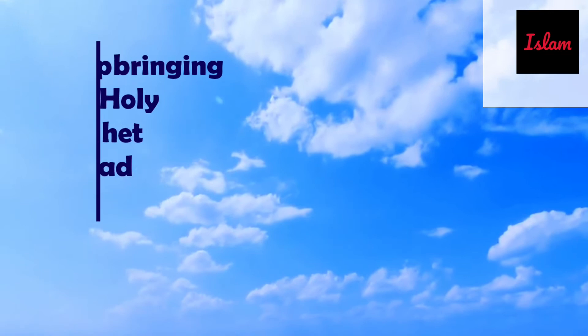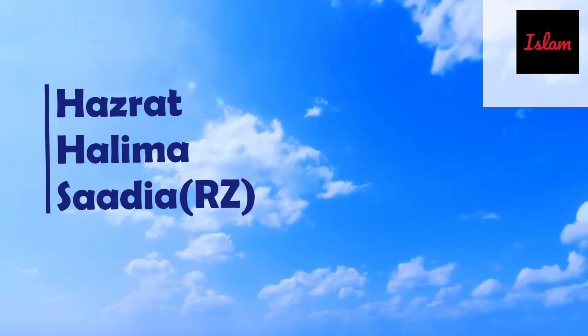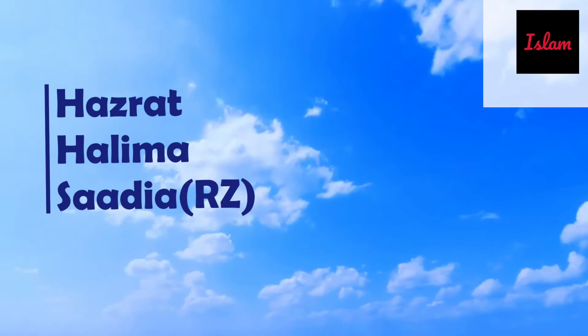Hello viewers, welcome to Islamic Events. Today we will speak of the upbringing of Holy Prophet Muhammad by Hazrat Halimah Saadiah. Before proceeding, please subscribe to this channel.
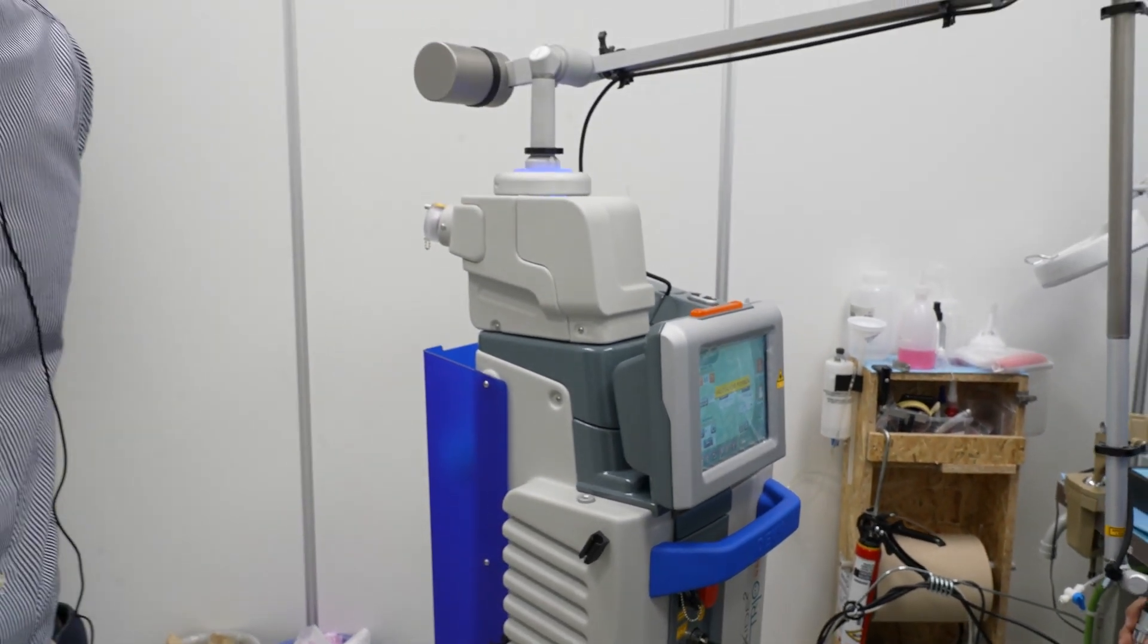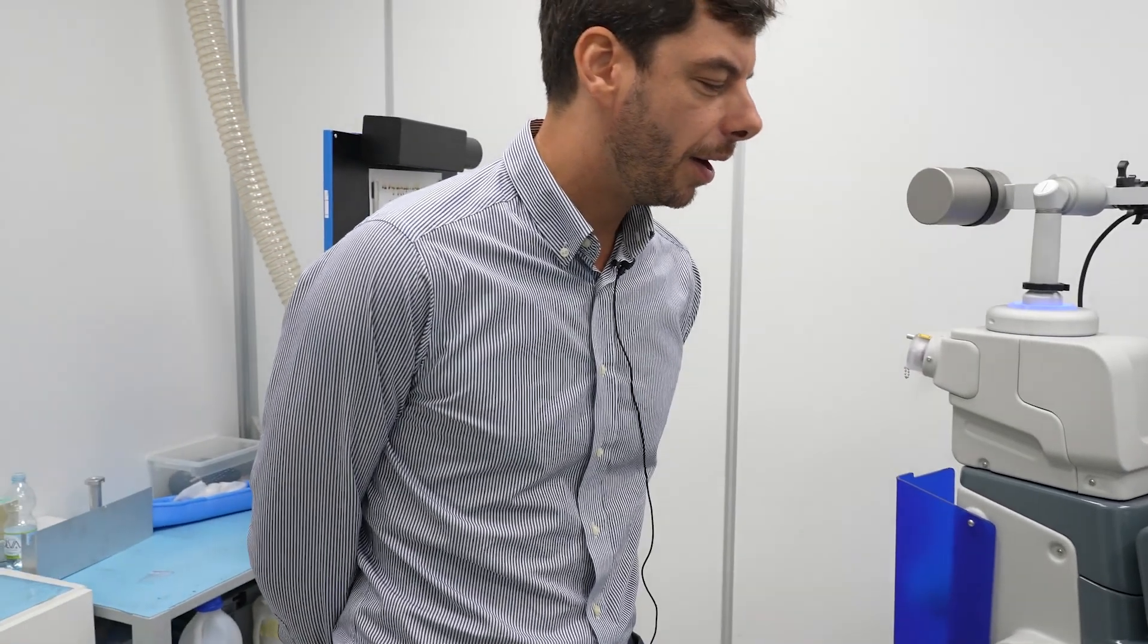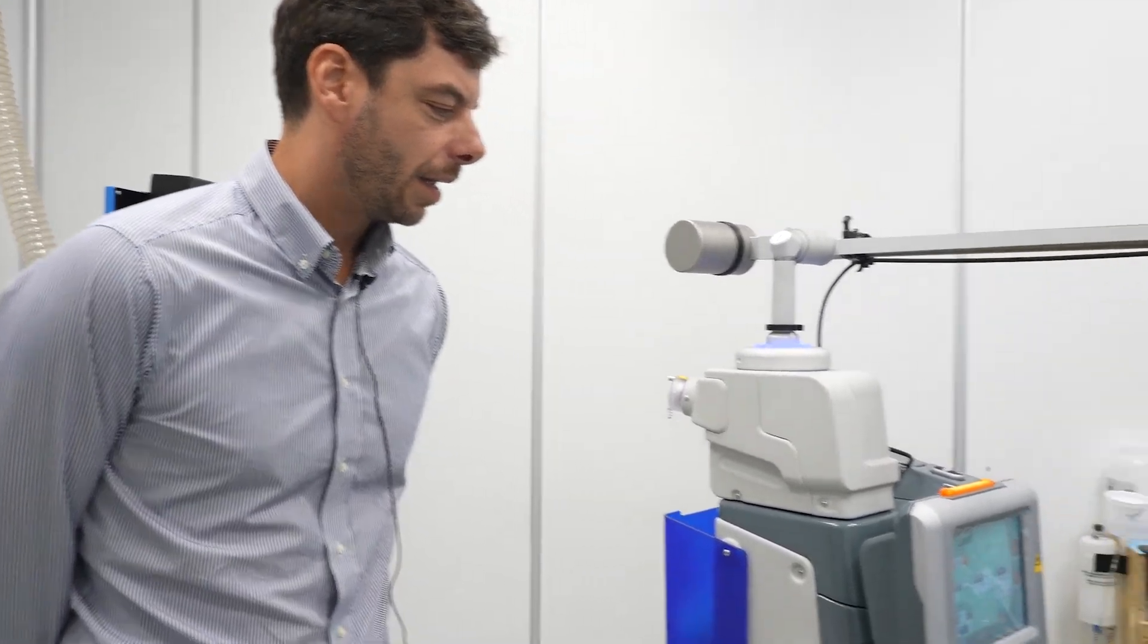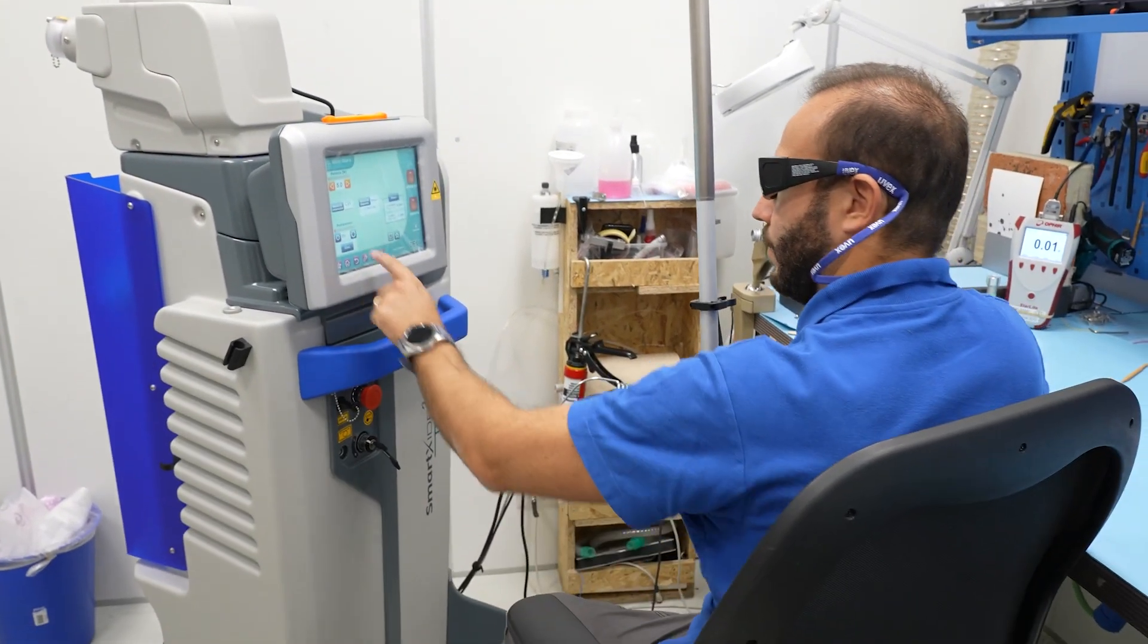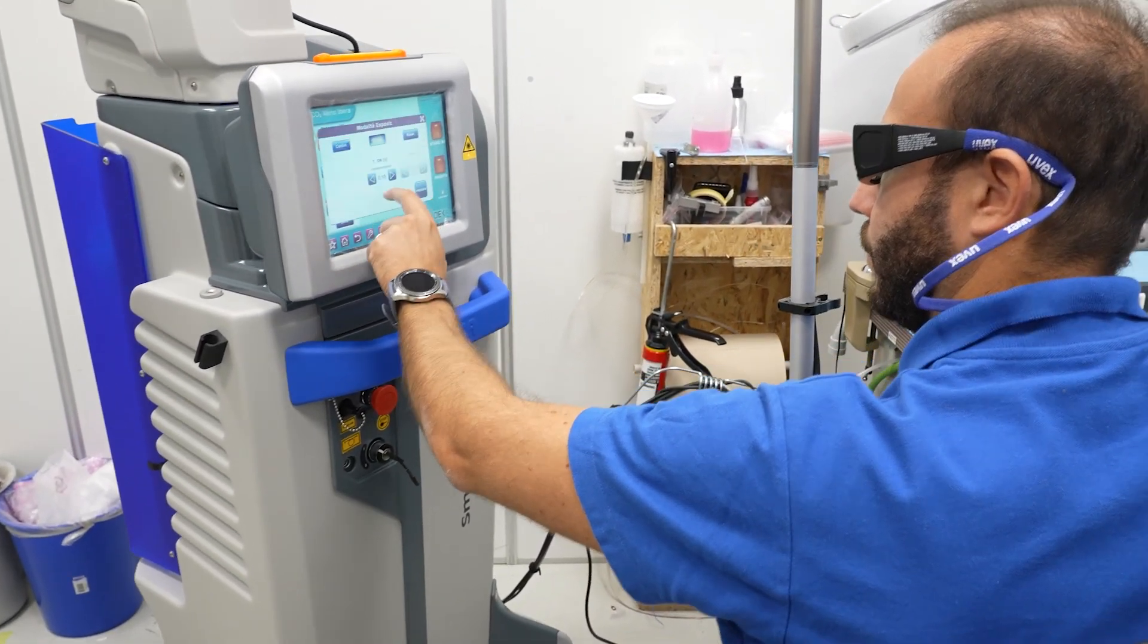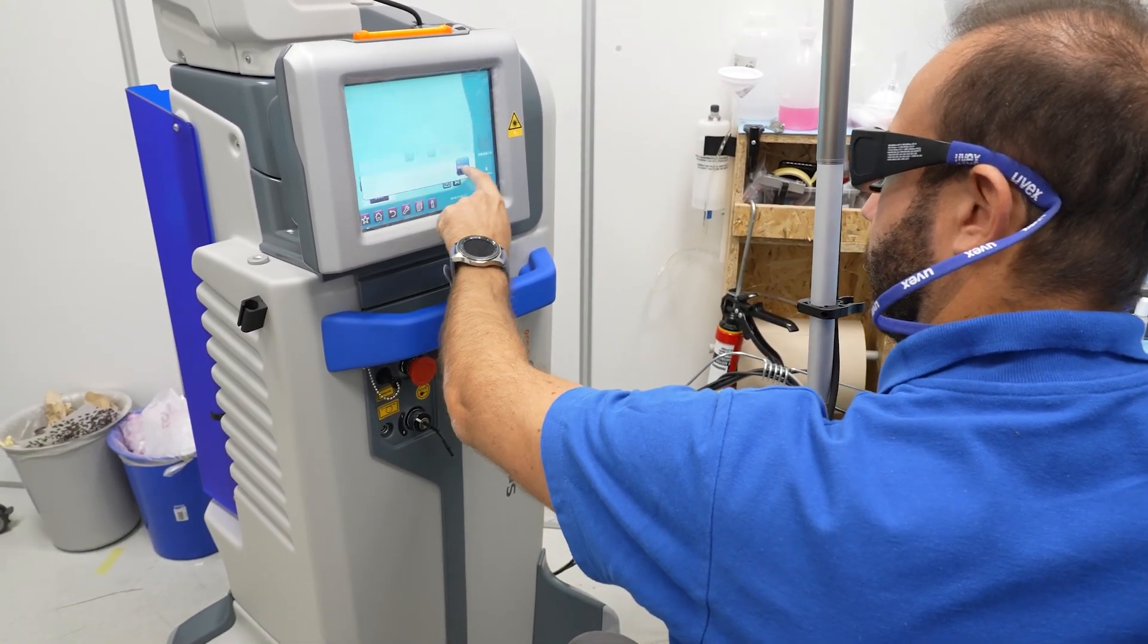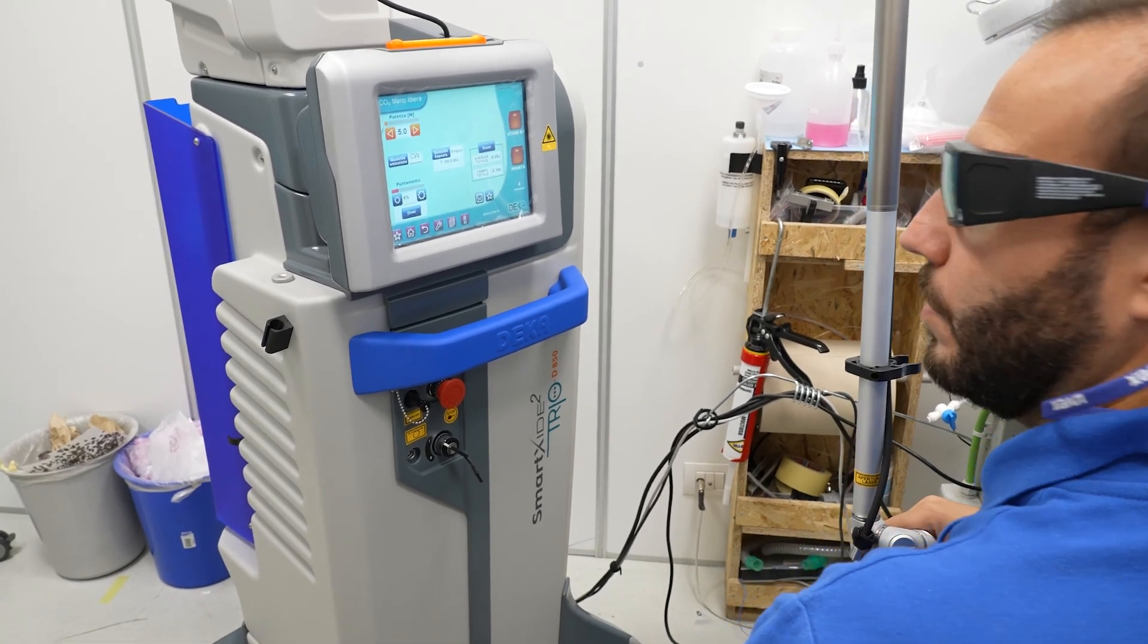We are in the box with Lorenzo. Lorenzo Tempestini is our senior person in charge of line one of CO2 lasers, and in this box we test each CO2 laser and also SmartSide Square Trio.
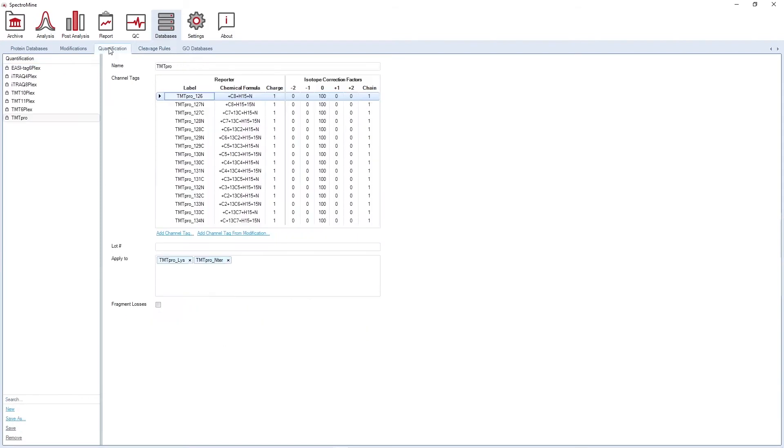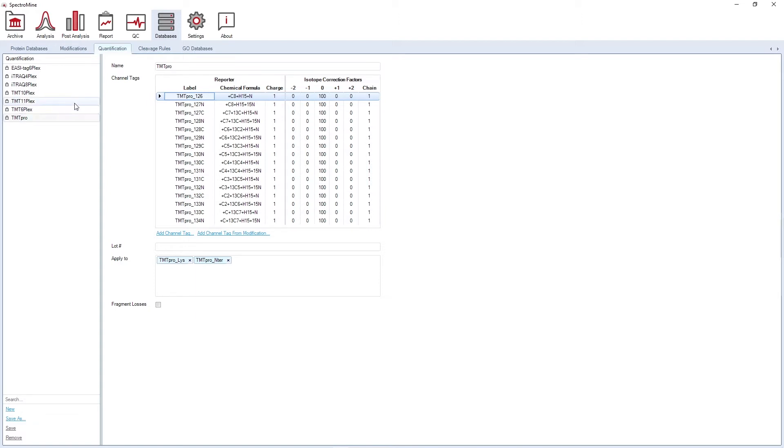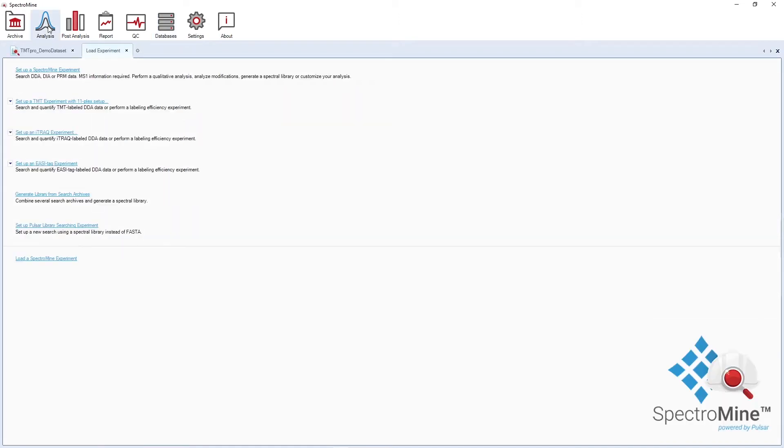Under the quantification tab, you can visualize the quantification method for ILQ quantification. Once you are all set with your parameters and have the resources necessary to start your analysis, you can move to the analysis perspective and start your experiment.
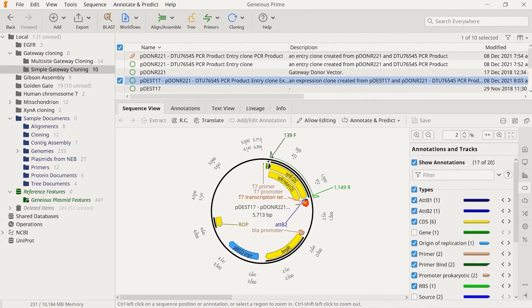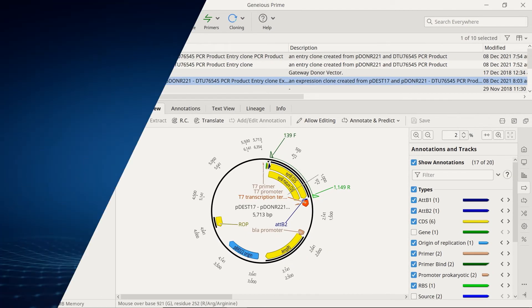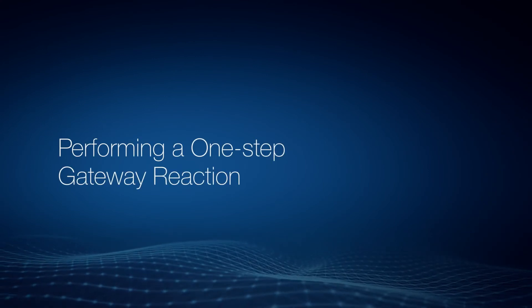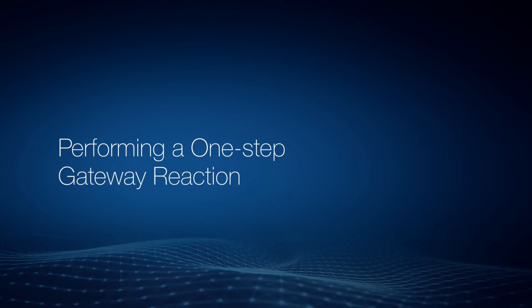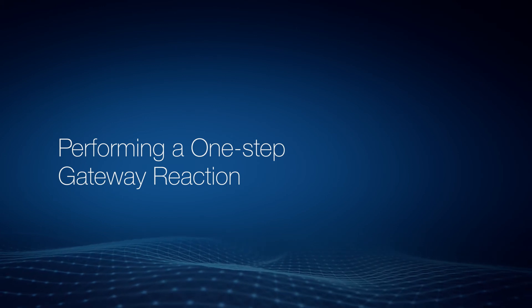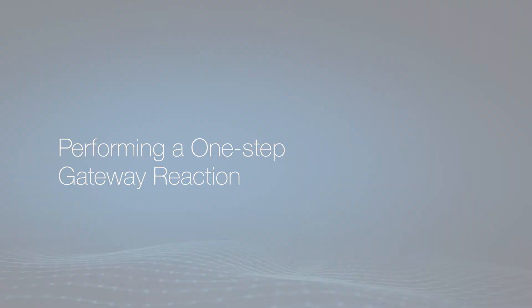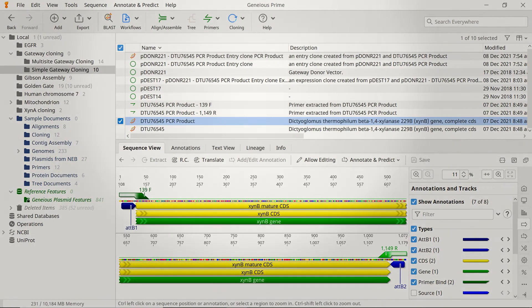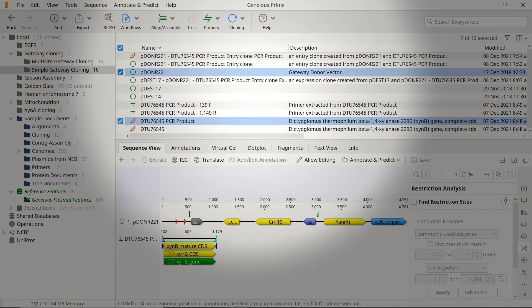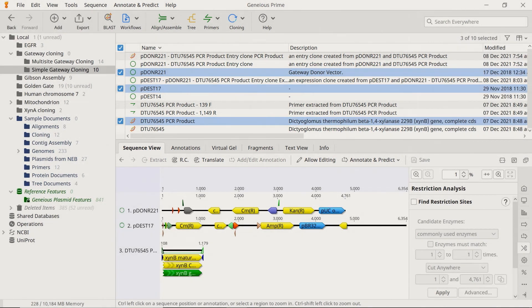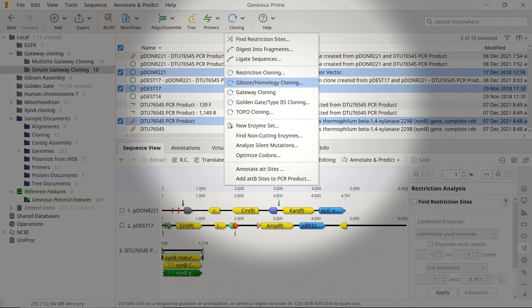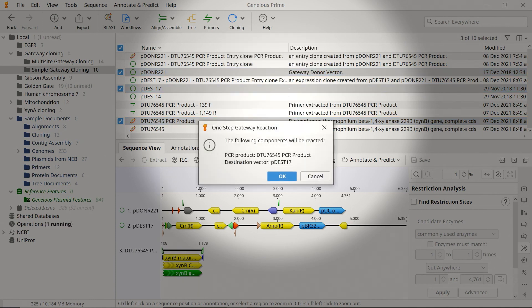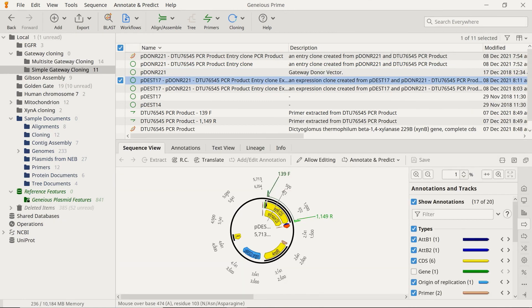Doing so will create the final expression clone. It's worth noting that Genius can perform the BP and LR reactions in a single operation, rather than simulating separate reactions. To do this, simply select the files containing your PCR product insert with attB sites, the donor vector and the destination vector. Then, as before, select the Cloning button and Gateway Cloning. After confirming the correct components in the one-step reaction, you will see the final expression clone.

> _What to produce_
Extract exactly the lines above from the line containing "Under the quantification" through the last one, both ends included, but not the pictures.

> _Response to this task_
Under the quantification tab, you can visualize the quantification method for ILQ quantification. Once you are all set with your parameters and have the resources necessary to start your analysis, you can move to the analysis perspective and start your experiment.
Doing so will create the final expression clone. It's worth noting that Genius can perform the BP and LR reactions in a single operation, rather than simulating separate reactions. To do this, simply select the files containing your PCR product insert with attB sites, the donor vector and the destination vector. Then, as before, select the Cloning button and Gateway Cloning. After confirming the correct components in the one-step reaction, you will see the final expression clone.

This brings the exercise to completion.